Factories encouraged to build up, not out
Ministry of Natural Resources' program pushes more efficient industrial land use
By LI MENGHAN | China Daily | Updated: 2026-06-25 08:57
This national strategy finds concrete expression in the city of Maanshan's Bowang district. Since the 1980s, small workshops and micro enterprises producing blades, dies and machine-tool accessories have clustered there. By the late 2000s, however, the developed area had become saturated. Scattered plots — many occupied by aging single-story plants with a plot ratio of barely 0.4, compared with more than 1.0 in modern industrial parks — left little room for expansion.
"We have little space for enlarging the development zone," said Chen Puwen, head of the Bowang division of the Maanshan Natural Resources and Planning Bureau. "If we wanted to keep traditional industry viable and bring in emerging industries, we had to look inward — consolidate fragmented lots, raise density and reallocate resources."

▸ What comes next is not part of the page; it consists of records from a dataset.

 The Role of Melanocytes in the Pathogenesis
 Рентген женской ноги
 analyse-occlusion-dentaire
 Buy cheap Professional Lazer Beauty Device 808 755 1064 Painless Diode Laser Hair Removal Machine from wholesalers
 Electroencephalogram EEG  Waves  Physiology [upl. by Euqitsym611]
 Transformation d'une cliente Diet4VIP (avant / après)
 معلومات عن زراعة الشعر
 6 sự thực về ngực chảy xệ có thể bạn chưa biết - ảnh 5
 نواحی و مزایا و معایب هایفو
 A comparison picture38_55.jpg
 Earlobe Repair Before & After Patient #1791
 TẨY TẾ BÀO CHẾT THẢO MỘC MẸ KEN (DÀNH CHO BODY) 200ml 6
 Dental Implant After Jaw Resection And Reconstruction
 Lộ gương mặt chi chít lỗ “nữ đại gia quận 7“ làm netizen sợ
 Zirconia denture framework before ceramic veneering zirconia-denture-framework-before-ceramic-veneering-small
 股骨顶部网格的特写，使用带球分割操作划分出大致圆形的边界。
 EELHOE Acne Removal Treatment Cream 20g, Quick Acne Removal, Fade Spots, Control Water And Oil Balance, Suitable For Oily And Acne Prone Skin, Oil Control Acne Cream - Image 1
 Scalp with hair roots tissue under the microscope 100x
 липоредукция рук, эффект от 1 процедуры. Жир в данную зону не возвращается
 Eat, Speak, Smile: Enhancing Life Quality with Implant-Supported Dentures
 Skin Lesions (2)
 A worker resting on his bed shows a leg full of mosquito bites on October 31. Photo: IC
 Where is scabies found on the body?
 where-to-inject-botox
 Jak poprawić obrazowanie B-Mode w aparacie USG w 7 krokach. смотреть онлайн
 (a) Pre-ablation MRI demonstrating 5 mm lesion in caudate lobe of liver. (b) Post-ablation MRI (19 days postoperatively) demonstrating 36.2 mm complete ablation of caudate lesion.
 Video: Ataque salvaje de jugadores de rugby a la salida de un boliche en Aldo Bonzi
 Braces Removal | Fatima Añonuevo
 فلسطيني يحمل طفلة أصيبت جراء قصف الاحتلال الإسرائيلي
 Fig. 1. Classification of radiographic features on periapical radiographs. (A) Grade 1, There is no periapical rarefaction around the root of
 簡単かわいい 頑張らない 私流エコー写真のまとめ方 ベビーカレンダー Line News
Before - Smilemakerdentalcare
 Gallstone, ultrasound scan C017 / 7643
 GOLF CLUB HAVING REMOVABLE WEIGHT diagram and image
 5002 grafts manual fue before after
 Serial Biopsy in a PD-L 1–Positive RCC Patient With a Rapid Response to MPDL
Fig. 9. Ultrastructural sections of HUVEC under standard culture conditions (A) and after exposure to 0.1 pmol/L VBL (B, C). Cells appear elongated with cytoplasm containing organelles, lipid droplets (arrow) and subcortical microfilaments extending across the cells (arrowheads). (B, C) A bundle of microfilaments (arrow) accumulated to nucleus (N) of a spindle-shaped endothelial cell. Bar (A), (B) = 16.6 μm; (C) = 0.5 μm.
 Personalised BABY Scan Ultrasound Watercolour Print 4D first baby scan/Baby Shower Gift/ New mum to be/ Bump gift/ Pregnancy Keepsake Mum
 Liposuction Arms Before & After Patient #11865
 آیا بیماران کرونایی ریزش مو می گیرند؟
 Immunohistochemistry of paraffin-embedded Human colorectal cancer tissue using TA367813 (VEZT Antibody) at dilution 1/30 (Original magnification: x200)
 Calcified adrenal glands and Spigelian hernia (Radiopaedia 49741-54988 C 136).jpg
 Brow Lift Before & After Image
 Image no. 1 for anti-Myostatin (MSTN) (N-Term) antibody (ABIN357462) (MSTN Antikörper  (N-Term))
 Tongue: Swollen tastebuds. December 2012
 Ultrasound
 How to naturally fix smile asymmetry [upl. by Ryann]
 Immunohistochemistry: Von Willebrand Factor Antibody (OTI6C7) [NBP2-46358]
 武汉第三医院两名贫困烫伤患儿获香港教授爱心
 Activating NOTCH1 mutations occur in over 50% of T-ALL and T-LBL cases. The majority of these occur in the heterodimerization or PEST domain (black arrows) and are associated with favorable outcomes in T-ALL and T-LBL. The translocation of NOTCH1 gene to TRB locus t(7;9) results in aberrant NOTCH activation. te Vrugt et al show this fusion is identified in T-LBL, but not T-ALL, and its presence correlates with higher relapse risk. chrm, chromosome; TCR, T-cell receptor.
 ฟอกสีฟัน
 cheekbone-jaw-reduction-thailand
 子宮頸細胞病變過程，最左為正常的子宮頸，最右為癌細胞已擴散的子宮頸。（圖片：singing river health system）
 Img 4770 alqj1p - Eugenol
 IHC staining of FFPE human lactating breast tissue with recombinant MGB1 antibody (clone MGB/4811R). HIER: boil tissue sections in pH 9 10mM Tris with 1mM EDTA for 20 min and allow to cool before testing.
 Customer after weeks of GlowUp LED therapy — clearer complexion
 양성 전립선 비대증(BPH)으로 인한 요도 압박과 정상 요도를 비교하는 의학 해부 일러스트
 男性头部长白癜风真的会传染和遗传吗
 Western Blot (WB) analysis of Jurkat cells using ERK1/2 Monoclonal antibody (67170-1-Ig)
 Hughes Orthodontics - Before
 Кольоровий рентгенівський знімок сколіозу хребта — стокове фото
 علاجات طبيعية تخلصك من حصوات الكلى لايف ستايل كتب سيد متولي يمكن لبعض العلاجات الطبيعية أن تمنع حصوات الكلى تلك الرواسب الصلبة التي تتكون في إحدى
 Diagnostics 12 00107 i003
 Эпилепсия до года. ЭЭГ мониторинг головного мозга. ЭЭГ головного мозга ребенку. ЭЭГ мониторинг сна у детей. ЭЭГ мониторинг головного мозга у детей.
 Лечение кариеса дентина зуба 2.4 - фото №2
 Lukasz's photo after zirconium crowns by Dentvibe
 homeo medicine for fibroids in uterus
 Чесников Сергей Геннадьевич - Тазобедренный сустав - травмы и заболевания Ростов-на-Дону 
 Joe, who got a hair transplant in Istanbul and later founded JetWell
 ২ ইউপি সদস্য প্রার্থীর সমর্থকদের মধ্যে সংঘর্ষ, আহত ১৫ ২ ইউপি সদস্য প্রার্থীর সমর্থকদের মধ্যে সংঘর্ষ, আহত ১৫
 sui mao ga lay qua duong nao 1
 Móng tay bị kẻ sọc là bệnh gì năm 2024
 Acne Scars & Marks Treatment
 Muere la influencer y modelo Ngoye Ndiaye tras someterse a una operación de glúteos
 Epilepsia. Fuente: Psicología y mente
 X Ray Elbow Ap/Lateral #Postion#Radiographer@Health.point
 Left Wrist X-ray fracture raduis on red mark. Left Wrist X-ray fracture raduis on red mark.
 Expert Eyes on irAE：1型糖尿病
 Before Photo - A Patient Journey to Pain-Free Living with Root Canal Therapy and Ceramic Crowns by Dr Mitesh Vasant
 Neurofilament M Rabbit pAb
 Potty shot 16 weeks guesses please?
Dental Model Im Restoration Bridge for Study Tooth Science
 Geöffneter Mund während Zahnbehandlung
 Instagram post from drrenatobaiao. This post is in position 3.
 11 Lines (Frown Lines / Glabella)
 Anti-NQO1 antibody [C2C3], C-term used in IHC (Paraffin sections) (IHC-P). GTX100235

Bowang introduced a performance-based enterprise evaluation system for land allocation in 2018. Firms are assessed annually on land-output value, tax contribution, energy intensity, environmental compliance and workplace safety. Top performers receive priority when consolidated land becomes available. Lower-ranked firms are not forcibly removed; instead, they are relocated to standardized multistory plants, each occupying around five hectares, freeing original plots for higher-intensity use.
"The biggest hurdle in such consolidation efforts remains funding," Chen said.